2
$\begingroup$

We have a box with $m=1\,000\,000$ cards. Each card contains one word. The words are repeated so there is a relatively small number of $n$ unique words. $n$ is unknown.

If we get a sample of $k=5000$ cards, we find that there is $42$ unique words in our sample.

With this information, we know $P(n\geq42) = 1$.

How can we know $P(n\geq43)$, $P(n\geq44)$..., and so on?

Is this problem common, and does it have a "common name"?

PS: we have the information on the frequency of each of our $42$ words for the $5000$ card sample, they can be used for the solution if it is relevant. Lets call this frequencies $f_1, f_2, \dots,f_{42}$.

  • 1
    This is almost the [German tank problem](https://en.m.wikipedia.org/wiki/German_tank_problem). If we sampled one-by-one and put each card back before sampling the next one, and if the cards were numbered $1,2,\cdots,n$ instead, we would be a lot closer.
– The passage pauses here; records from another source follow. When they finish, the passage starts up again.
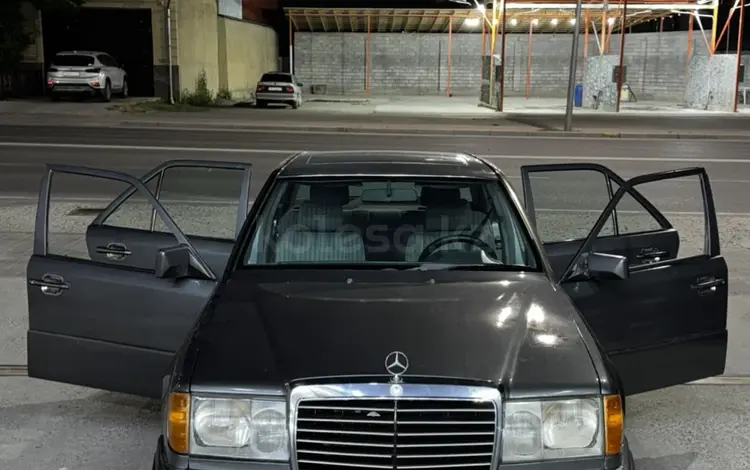 Mercedes-Benz E 230 1992 года за 1 017 647 тг. в Шымкент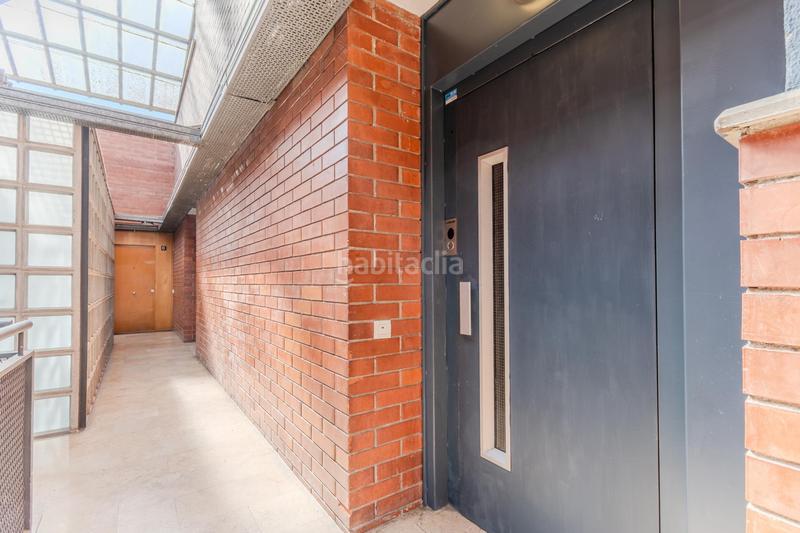 Foto d317e0a5-d2a6-4a3c-be10-7db1ebb2261e. Appartement avec parking dans Centre Salt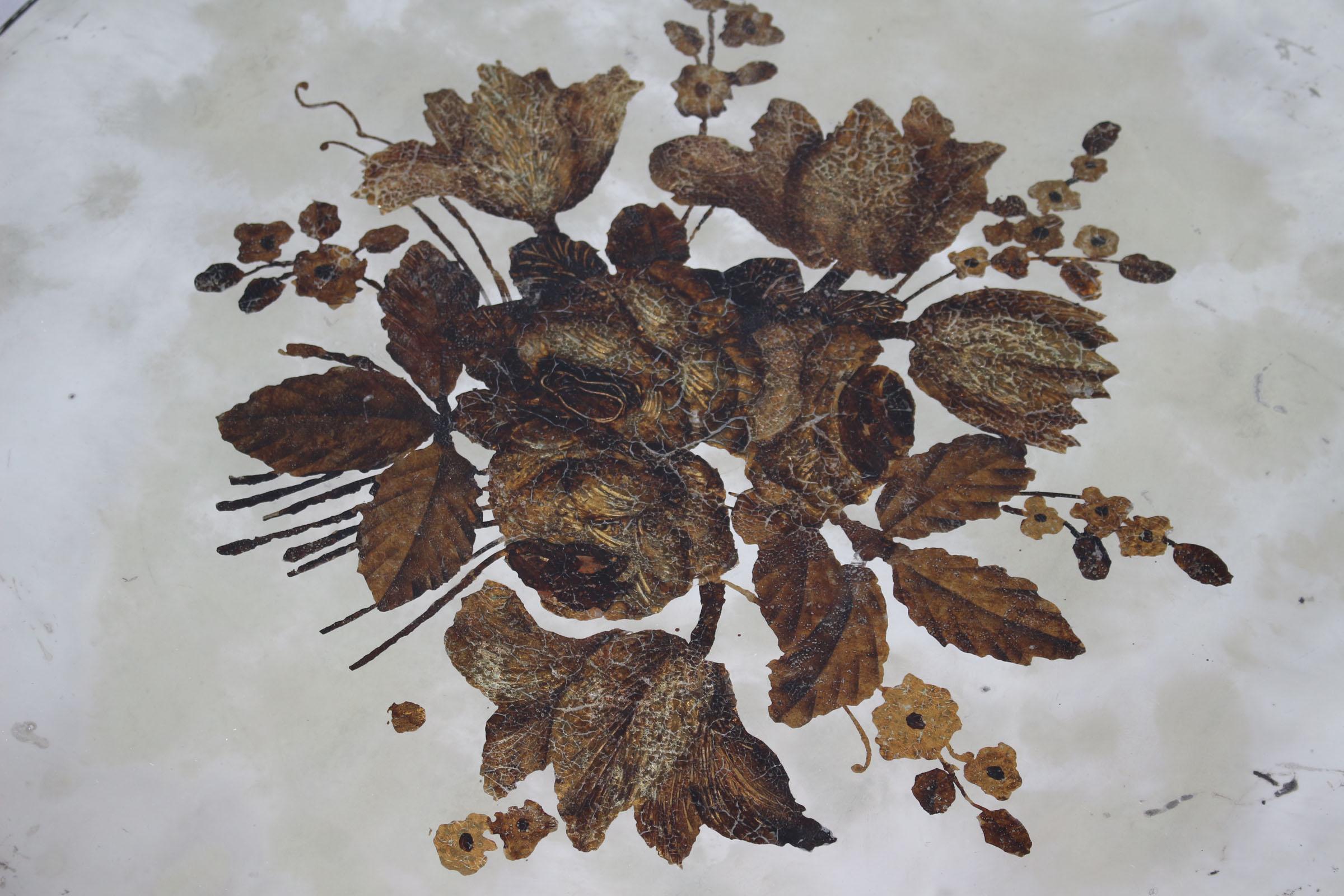 Guéridon en acajou de l'Art Déco français avec un plateau en verre églomisé en vente 3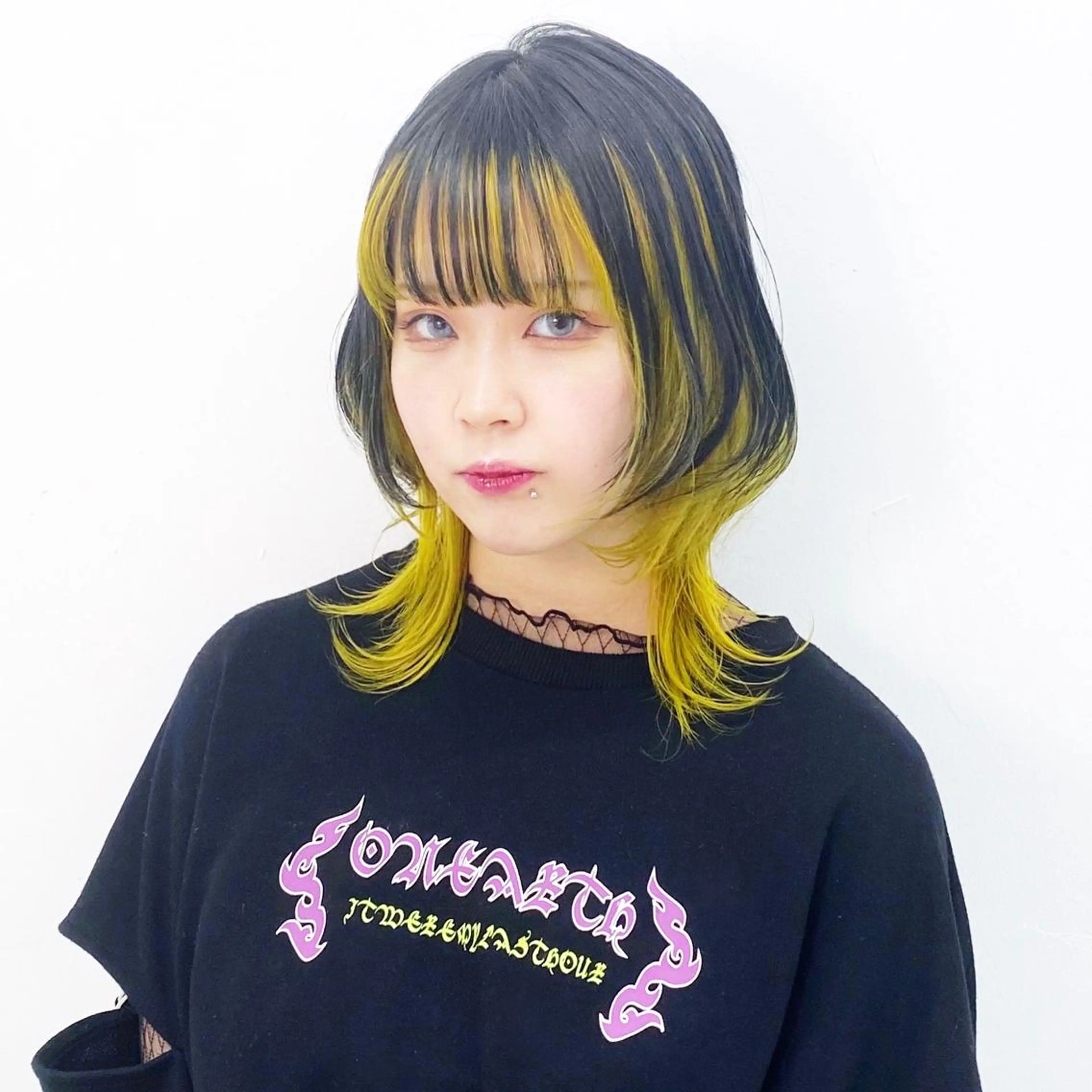 ミディアム カラー ヘアアレンジ ミディアムレイヤー ミストバング イヤリングカラー フェイスフレーミング インナーカラー カット ヘアカラー トリートメント 大橋 拓巳のヘアスタイル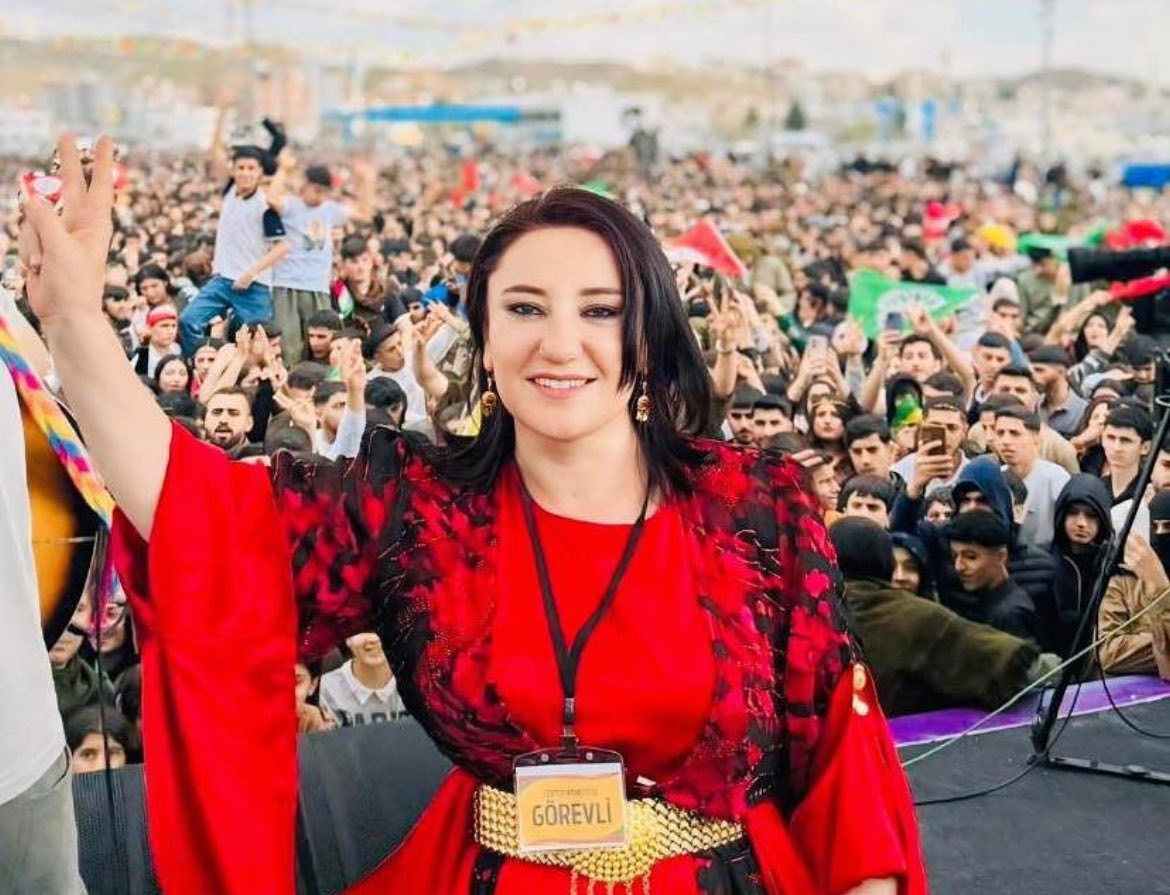 Kadın özgürlük mücadelemizde yer alan ,Cizre belediye Eş başkanlığımızı yapan çok değerli arkadaşım yoldaşım , seni kaybetmenin derin üzüntüsünü yaşıyorum  .Ailesine ve sevenlerine baş sağlığı diliyorum . Mekanın cennet olsun. Berivan Kutlu.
It's also related to the [coupon collector's problem](https://en.m.wikipedia.org/wiki/Coupon_collector's_problem) except that in that problem we know $n$ and just want to know what $k$ gives what probability of collecting them all.2017-01-31
  • 0
    If you believe that the words in the box each have substantially different frequencies to each other, then you have a difficult problem: you will come up with different answers if you think many in the box could there twice than if you think each one is there at least say $100$ times each.2017-01-31
  • 0
    Why $P(n \ge 42)=1?$2017-01-31
  • 0
    @Axolotl Because it is guaranteed ($100\%$ probability) that there are at least $42$ unique words in the $1\,000\,000$ card box.2017-01-31

0 Answers 0